The actor said he "loved meeting fans" and would "personalize pix in person". "But that's all," he insisted.
"Thanks for your understanding," the 61-year-old concluded. "See you on the street - we'll take a selfie!"
Cranston is one of a number of celebrities who have sworn off giving autographs, which can have a monetary value.
Professional autograph hunters are often found at premieres and other events, collecting celebrity scribbles on relevant memorabilia.
Yet there are stars who prefer giving autographs to taking selfies, which can be both time-consuming and intrusive.
Should you ever find yourself in their vicinity, here are a selection of notables who have expressed a preference.
Ten years ago, Ringo Starr declared he would no longer sign memorabilia for fans and that he would throw away any fan mail he received.
"I'm warning you with peace and love I have too much to do," said the recently knighted former Beatle, who turned 77 last year.
Starr said the measure was "in direct response to an inordinate amount of items which have recently appeared for sale on eBay."
"I was signing and then they were on eBay the next day," the drummer rued in an interview two years later. "So I just decided, I think I've done my share."
At the height of his fame, comedian Steve Martin was so inundated with requests for autographs from fans he had personalised business cards printed to deflect them.
"This certifies that you have had a personal encounter with me and that you found me warm, polite, intelligent and funny," read the cards, which also bore a copy of the Roxanne star's signature.
Jonah Hill was also reported to have used the tactic, though the business cards he allegedly handed out were rather less flattering to the Superbad and Moneyball star.
"I just met Jonah Hill," the card in question allegedly read. "It was a total letdown."
Emma Watson isn't averse to giving fans an autograph - but she draws the line at stopping for a selfie.
"If someone takes a photograph of me and posts it, within two seconds they've created a marker of exactly where I am within 10 metres," said the star of Beauty and the Beast and the Harry Potter films.
"I have to carefully pick and choose my moment to interact," she told Vanity Fair last year. "Children I don't say no to, for example."
Bill Murray will give you an autograph if you ask for one - but it won't necessarily be his name he signs.
While playing at a Pro-Am golf tournament in 2015, the Groundhog Day star used a permanent blue marker pen to sign Miley Cyrus's name - on an autograph seeker's forehead.
Last year Murray magnanimously exchanged autographs in return for $20 (£14) donations to the Puerto Rico relief fund.
When a man offered him a meagre $3 (£2.10) for his signature, the 67-year-old was filmed telling him to "go get a job and come back".
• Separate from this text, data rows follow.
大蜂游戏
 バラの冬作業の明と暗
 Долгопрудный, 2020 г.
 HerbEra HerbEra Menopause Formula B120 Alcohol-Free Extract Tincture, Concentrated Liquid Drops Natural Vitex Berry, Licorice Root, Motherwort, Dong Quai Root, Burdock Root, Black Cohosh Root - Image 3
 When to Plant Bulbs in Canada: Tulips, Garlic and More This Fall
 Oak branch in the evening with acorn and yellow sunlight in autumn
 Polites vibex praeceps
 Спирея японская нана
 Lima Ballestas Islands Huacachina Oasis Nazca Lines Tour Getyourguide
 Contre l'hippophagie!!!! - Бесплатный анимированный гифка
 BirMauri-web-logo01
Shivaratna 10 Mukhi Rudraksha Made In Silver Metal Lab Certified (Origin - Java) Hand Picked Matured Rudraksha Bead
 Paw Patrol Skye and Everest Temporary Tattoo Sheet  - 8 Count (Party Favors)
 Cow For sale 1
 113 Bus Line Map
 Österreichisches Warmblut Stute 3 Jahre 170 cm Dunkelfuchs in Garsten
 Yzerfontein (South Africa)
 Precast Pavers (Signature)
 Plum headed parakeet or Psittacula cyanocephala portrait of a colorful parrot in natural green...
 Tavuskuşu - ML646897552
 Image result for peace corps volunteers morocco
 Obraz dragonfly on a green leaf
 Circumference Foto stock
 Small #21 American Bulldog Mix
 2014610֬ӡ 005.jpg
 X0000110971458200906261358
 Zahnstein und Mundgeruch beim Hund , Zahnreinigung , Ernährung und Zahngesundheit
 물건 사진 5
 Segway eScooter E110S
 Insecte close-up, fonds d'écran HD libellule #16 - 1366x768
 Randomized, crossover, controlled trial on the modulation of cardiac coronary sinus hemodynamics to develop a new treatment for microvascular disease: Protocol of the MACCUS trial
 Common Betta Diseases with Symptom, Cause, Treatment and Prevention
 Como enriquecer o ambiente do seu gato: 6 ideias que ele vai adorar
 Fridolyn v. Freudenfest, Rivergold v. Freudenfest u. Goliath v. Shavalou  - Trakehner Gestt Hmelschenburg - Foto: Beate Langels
Grime star JME - real name Jamie Adenuga - revealed in 2015 that he has a response all ready for anyone asking him for a photograph.
"Can I get a selfie JME?" tweeted the MC, whose big brother is Mercury Prize winner Skepta. "Yeh, if you've got my music on that phone you can."
Actress Shannon Purser, meanwhile, leapt to the defence of her Stranger Things co-star Finn Wolfhard after he was criticised for not stopping for photographs outside his hotel.
"No actor is under any obligation to stop for anyone," she tweeted last year. "Finn is an incredibly kind human. But he's human and he needs breaks too."